Why synthetic data
Industrial EM labs don't need to label more data — they need a simulator that matches their microscope.
The binding constraint in industrial electron microscopy is labelled data scarcity: real-world datasets are proprietary, expensive to annotate, and often live under NDA. NeuralSoftX's signature approach is physics-based synthetic data generation — every simulated training image is the output of a full forward model, from electron–specimen scattering through the detector itself.
Electron–specimen physics
Multislice simulation via MULTEM covers elastic and inelastic scattering, frozen-lattice thermal diffuse scattering (essential for quantitative HAADF-STEM), and full aberration-function modelling. Scattering potentials use the Lobato–Van Dyck 2014 parameterisation (Acta Crystallographica A) — roughly an order of magnitude more accurate than Doyle–Turner or Kirkland parameterisations across the periodic table.
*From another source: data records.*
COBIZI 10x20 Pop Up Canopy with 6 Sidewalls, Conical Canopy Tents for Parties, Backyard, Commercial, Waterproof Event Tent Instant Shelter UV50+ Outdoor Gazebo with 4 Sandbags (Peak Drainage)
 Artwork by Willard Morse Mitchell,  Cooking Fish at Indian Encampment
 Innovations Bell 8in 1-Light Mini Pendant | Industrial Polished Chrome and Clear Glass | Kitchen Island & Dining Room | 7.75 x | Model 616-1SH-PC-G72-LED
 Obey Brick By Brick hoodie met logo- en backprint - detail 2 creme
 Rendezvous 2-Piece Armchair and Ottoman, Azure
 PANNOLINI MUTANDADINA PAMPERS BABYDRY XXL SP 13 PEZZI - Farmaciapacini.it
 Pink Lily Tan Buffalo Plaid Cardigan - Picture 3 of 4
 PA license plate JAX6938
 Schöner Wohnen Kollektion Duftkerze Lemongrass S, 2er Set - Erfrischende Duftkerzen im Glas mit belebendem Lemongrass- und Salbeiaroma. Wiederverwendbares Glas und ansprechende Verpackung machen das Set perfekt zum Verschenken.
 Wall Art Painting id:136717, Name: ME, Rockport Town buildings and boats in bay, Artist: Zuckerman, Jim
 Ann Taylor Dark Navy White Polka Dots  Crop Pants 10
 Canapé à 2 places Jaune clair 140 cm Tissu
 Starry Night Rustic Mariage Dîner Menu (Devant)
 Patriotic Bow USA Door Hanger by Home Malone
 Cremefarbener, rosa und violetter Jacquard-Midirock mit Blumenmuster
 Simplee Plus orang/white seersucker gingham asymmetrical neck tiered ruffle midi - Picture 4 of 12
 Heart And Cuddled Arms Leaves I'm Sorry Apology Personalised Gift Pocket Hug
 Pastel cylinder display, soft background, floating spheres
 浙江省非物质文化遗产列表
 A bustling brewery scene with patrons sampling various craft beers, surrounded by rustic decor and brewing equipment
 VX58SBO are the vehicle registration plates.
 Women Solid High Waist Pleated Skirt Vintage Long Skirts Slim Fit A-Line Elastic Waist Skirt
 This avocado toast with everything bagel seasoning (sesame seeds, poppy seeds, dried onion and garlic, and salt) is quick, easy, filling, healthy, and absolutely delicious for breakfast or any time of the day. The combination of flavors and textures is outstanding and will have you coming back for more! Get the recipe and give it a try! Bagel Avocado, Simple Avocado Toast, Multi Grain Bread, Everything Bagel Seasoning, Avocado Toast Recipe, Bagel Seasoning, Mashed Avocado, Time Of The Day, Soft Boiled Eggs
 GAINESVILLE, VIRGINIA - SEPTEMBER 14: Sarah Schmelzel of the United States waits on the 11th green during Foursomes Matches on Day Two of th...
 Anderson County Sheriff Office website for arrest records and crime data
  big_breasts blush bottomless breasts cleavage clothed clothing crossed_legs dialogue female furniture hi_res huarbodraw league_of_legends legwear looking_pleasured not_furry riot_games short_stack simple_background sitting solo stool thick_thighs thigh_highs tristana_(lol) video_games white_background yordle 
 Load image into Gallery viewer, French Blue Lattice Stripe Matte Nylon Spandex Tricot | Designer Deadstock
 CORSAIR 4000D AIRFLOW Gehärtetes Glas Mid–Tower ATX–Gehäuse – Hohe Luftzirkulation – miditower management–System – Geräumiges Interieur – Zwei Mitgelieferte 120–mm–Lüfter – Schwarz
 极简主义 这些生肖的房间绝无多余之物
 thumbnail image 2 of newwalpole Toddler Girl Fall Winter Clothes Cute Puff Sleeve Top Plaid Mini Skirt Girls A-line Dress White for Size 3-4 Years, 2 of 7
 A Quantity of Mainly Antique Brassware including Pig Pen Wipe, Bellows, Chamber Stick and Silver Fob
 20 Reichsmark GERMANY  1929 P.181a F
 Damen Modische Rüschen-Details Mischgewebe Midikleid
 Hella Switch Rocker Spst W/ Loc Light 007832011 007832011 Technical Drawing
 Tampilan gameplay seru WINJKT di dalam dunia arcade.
Detector recording physics
The detector forward model is instrument-specific, not a generic Gaussian. It covers the point-spread function (PSF), modulation transfer function (MTF), detective quantum efficiency (DQE(0) and DQE(ν)), Poisson electron shot noise, Gaussian readout noise, gain and dark reference, and — for STEM — fast-scan and slow-scan distortion following Ophus, Ciston & Nelson (Ultramicroscopy 2016).
Domain randomisation
The simulator sweeps dose, defocus, spherical aberration, PSF width, gain, and contamination distributions so that networks trained on synthetic data generalise to real experimental micrographs. Sim-only training is used where labels are impossible (e.g. defect detection, atom segmentation); pretrain-then-finetune is used where a small amount of experimental data is available.
Published, validated on real data
This is not a theoretical pitch. The full pipeline was published and validated on experimental images in Lobato, Friedrich & Van Aert, npj Computational Materials 10, 10 (2024) — a deep CNN for single-shot electron-microscopy restoration trained purely on MULTEM-simulated data.